- [Exercise objective] Copy out each line of the entries below in which the string "Imagem" appears.

- [Task data]
.....

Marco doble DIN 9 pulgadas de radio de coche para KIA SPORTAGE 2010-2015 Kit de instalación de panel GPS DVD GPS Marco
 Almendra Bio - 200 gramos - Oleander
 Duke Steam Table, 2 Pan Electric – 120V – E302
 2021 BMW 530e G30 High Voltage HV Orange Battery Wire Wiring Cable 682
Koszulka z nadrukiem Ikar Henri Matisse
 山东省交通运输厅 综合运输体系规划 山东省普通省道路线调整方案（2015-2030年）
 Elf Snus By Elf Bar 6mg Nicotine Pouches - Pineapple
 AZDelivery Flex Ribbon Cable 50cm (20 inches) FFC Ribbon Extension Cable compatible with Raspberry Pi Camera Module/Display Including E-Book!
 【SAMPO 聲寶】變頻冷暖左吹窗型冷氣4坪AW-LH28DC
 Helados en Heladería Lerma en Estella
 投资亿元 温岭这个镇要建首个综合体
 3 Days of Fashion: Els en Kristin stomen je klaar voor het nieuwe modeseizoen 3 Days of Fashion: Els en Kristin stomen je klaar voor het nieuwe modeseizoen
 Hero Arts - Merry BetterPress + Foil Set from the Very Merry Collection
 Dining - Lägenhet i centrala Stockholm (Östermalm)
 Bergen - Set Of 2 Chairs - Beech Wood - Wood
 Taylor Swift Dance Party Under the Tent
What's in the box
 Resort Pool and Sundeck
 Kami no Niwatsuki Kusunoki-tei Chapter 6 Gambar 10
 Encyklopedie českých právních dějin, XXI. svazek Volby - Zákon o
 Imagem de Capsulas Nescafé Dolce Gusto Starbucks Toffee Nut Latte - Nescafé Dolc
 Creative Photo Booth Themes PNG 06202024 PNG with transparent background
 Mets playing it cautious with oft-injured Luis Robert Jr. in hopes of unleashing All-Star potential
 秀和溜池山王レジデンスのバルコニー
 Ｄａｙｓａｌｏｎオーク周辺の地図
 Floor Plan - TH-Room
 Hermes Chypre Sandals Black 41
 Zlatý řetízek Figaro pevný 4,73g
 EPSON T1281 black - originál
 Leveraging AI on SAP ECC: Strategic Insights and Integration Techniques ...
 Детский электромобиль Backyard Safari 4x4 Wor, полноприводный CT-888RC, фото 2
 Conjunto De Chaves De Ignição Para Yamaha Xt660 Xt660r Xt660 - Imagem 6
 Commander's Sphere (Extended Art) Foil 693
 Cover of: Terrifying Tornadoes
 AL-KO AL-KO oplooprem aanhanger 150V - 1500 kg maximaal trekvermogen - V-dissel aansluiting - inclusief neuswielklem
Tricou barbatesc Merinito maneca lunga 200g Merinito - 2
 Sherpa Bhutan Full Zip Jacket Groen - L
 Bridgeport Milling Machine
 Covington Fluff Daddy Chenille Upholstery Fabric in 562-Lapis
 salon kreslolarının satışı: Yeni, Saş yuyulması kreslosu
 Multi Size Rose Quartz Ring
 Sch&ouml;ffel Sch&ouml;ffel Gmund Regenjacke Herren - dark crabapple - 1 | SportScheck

.....

- [Problem solution]
 Imagem de Capsulas Nescafé Dolce Gusto Starbucks Toffee Nut Latte - Nescafé Dolc
 Conjunto De Chaves De Ignição Para Yamaha Xt660 Xt660r Xt660 - Imagem 6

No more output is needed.